In many ways I think that what we are doing, and some others who we highlighted as well, is not at all the same old message, with new packaging, but a pursuit of a Gospel of Jesus that is not the typical 20th century North American version (or the tiered old 16th century version of reformed thinking). I know that most people who use such phrases mean that they are not doing away with Jesus, but instead it sounds like it is the same “Jesus is my friend”, or “you suck and lucky God saved you by killing his kid” (for heaven sake, Mark Driscoll says that very thing, well almost – he does have the gall to brag about telling people they suck – and has the gall to say that is the message of Jesus) or and perhaps even more insidious that “we are so sure of how we understand God that we simply have to figure our how to package it for you” approach of evangelism.

I hope our part comes through as an attempt to try to indwell the good news of God in our day just the way Jesus indwelled the good news in his. But that doesn’t mean the same old atonement based, Jesus as the starter of the Christian faith thing that so many understand as the message, that never changes.
But then again I am not sure we are going to change the world by clearly telling our story to Sandy at the 7-11. Or maybe…

 
Our family is going to Maui, Hawaii January 19th for a vacation. We will be going with the Toy’s. So I am going to start a count down here, not to rub it in that we are going and none of you are, well I guess that is exactly what it is. Just kidding, sort of. :) But it is the 40 day point so it has that Biblical feel to it and makes this feel more like a pilgrimage. But it isn't it is just a vacation. Unless of course that is a type of pilgrimage.
But anyway...

We leave in 40 days.
Tuesday, December 09, 2003
 
So I once again have fallen behind in blogging. So here is a really long make-up post.
Last week was a busy one. I was in Nashville with a bunch of friends, Mark Scandrette, Thom Olson, Mark Oestreicher, Jeanie Stevens, Greg Warner.
I also hooked up with some new friends who live in Nashville, Denise, Peter, and Penny. Then I met a bunch of new friends.
But I was not just hanging with friends. The main reason for the trip was for a planning meeting for the emergent conventions. We did some great planning and I really feel good about the events. I will see if Mark can send me some pictures to post.

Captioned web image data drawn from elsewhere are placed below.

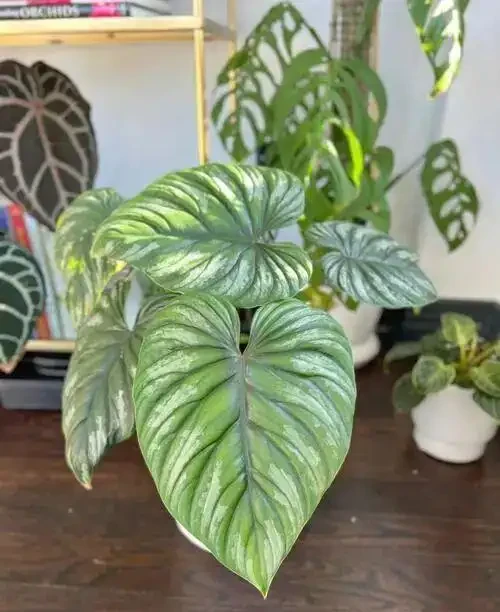 家裡光線差？這15種耐陰花讓你家秒變綠植天堂！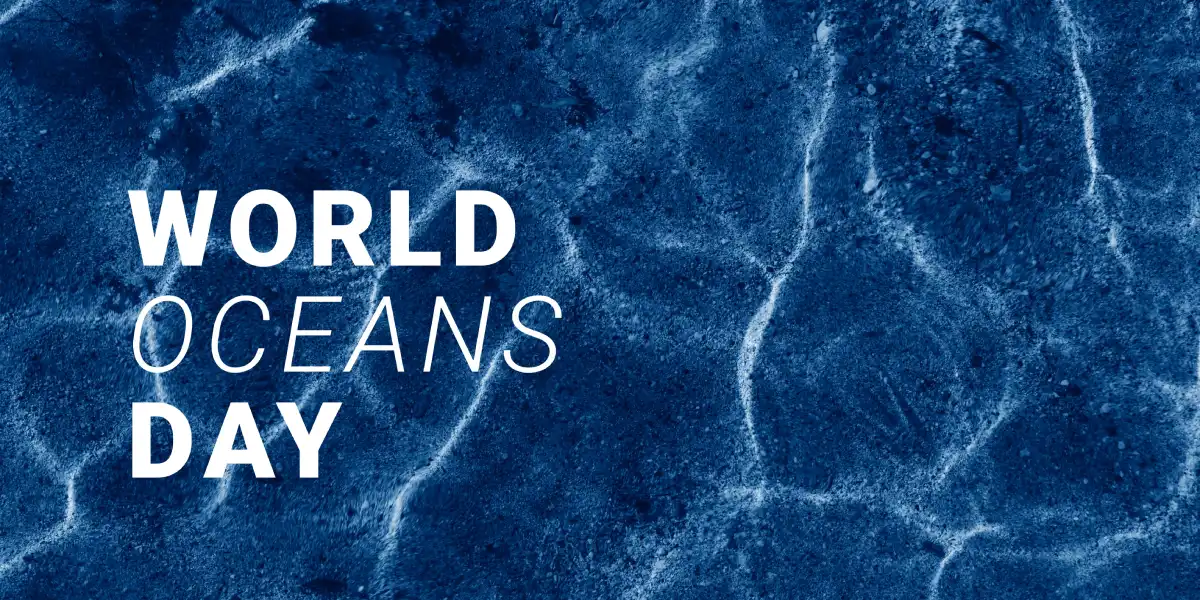 world ocean day celebration at royal solaris
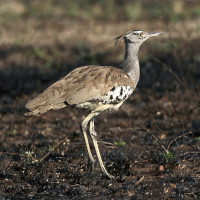 Kori Bustard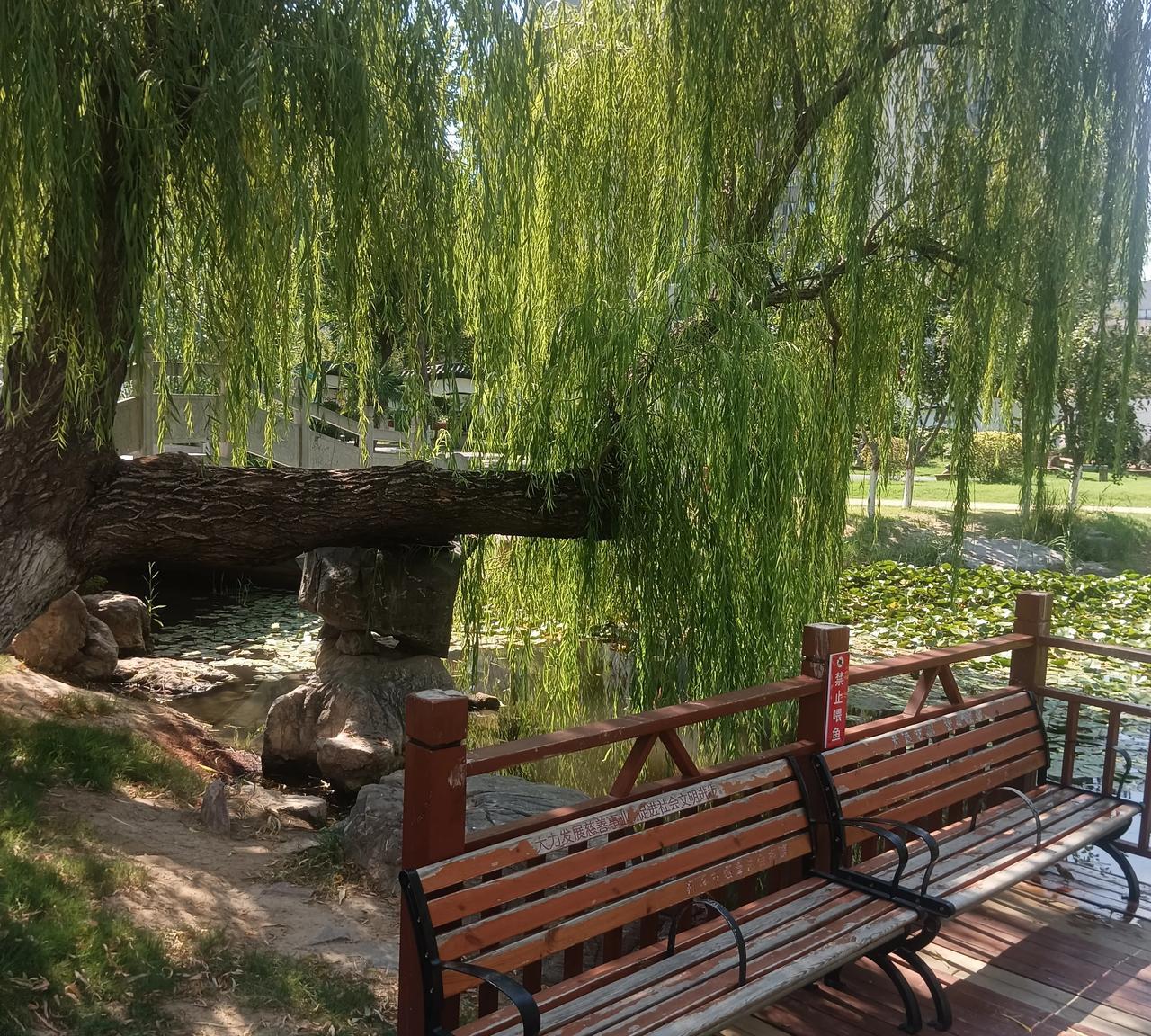 唉！有件事儿，我都不知道该咋说，反正心里特别不是滋味！6月份我孙女吃喜面，事后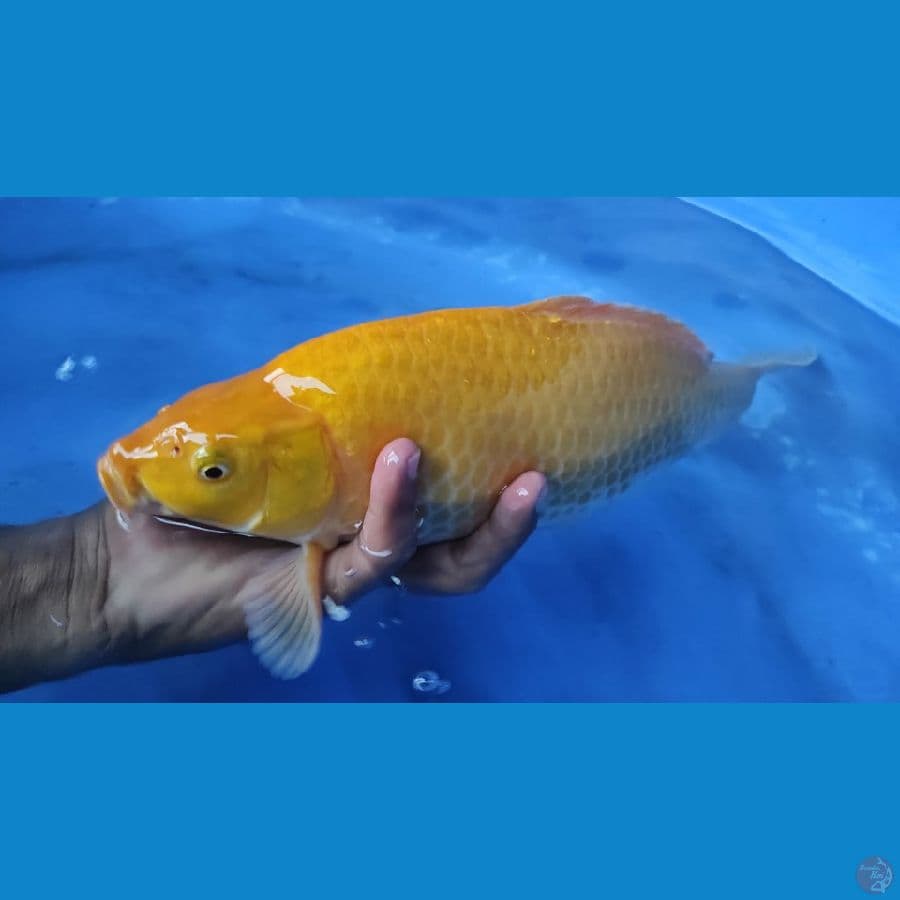 karasi lemon 37cm punuk grandong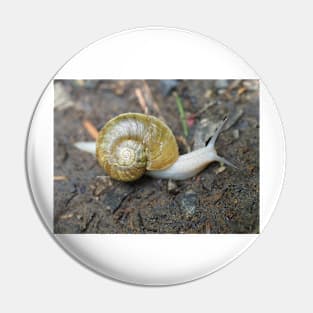 Haplotrema vancouverense snail Pin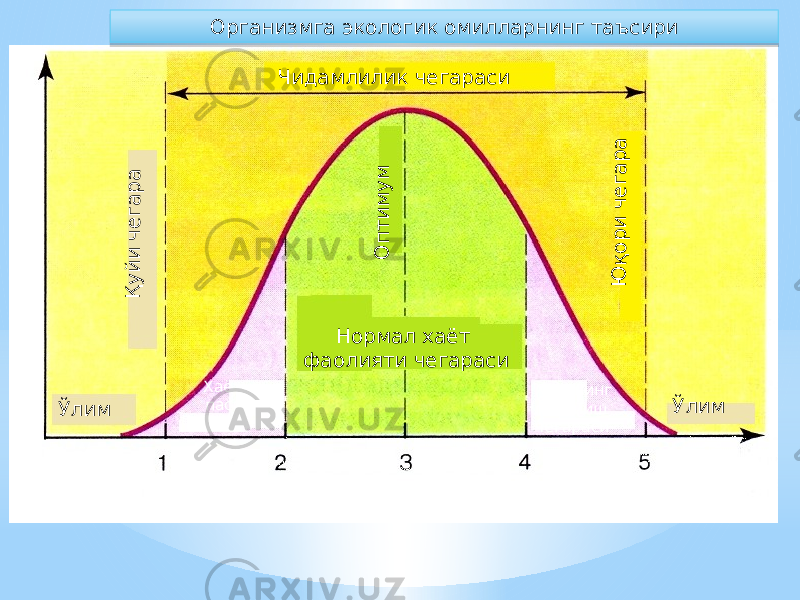 О м и л н и н г ф о й д а л и д а р а ж а си Қ у й и ч е га р а О п т и м у м Ю қ о р и ч е га р аЧидамлилик чегараси Нормал хаёт фаолияти чегараси Хаётнинг пасайиш чегараси Ўлим Ўлим Омилнинг интенсивлигиОрганизмга экологик омилларнинг таъсири Хаётнинг пасайиш чегараси 01 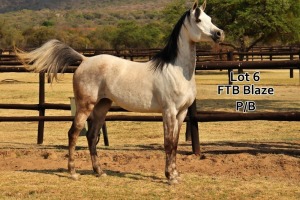 1 x ARABIAN MARE FTB Blaze – Partbred Mare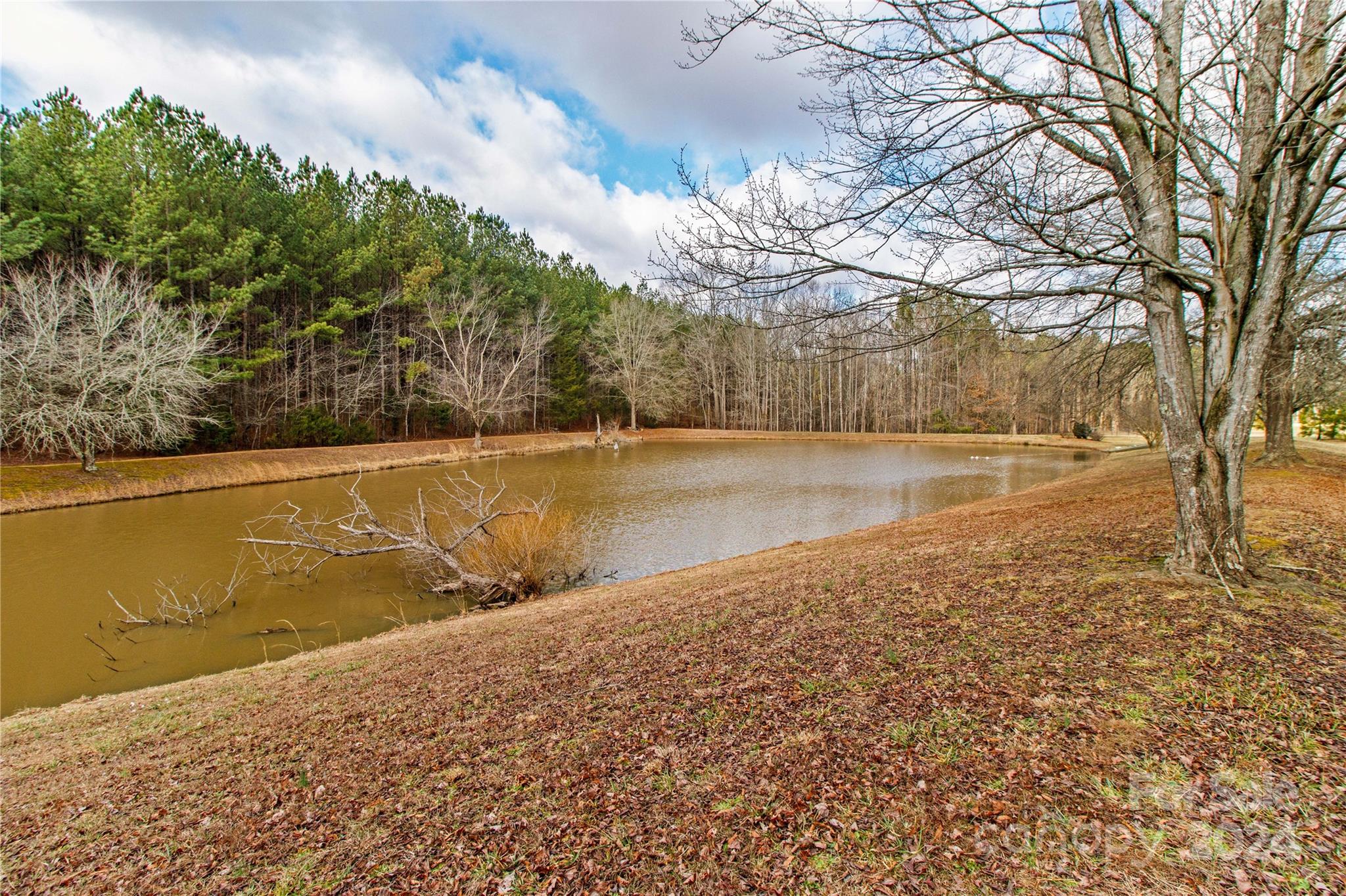 309 French Belk Road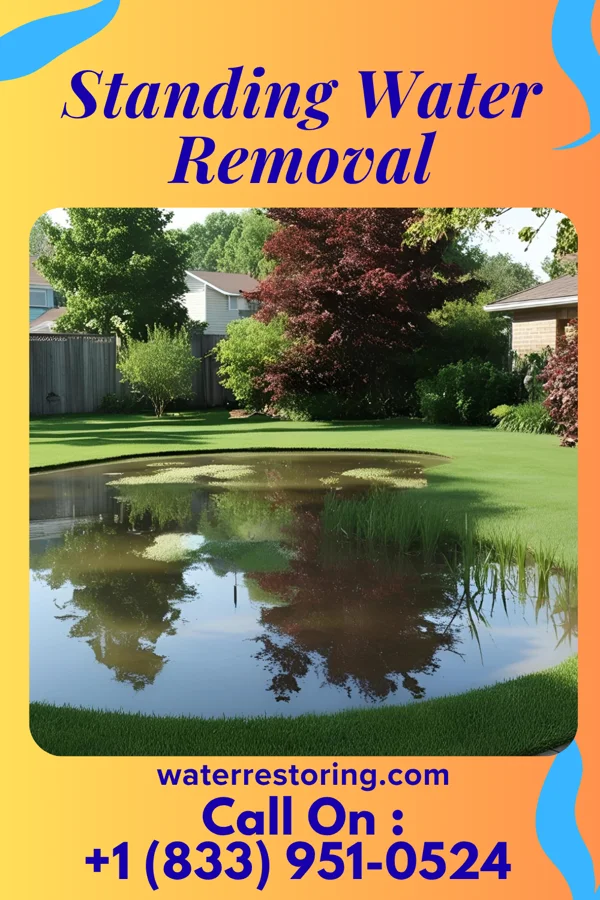 Standing Water Removal in Martinsville, IL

I also met with Peter York and Denise George, two of my Nashville friends. They work with Sparrow records and we are kicking around an idea of having a song writers event to help facilitate new content in worship music. I am really excited about the possibility of this.

Then Greg, Thom, Mark S. and I made the decision to go ahead with the idea of emergent partnering on taking over FaithWorks magazine.
We have the really great idea of how this will go. I will tell more in future blogs when we have all of our stuff together. It will be soon – we hope to have the first issue out in March.

So there is classic Minnesota winter storm warning tonight, so we cancelled the Bible Discussion Group and I am home. Taylor and I just got home from his first basketball game of the season.
I am waiting to watch 24, but I want to wait until it has recorded so I can fast forward through the commercials.

On the health front, I started on a homeopathic today – Sulfur, for those who know about homeopathic I took five little tablets, three times in a 24 hour period.
And on an unrelated note – am in the middle of a patch test to see if I have allergies – I have this unrelenting dermatitis on my hand. So now my back itches and I am all smelly from not taking a shower for two day. What a glorious life!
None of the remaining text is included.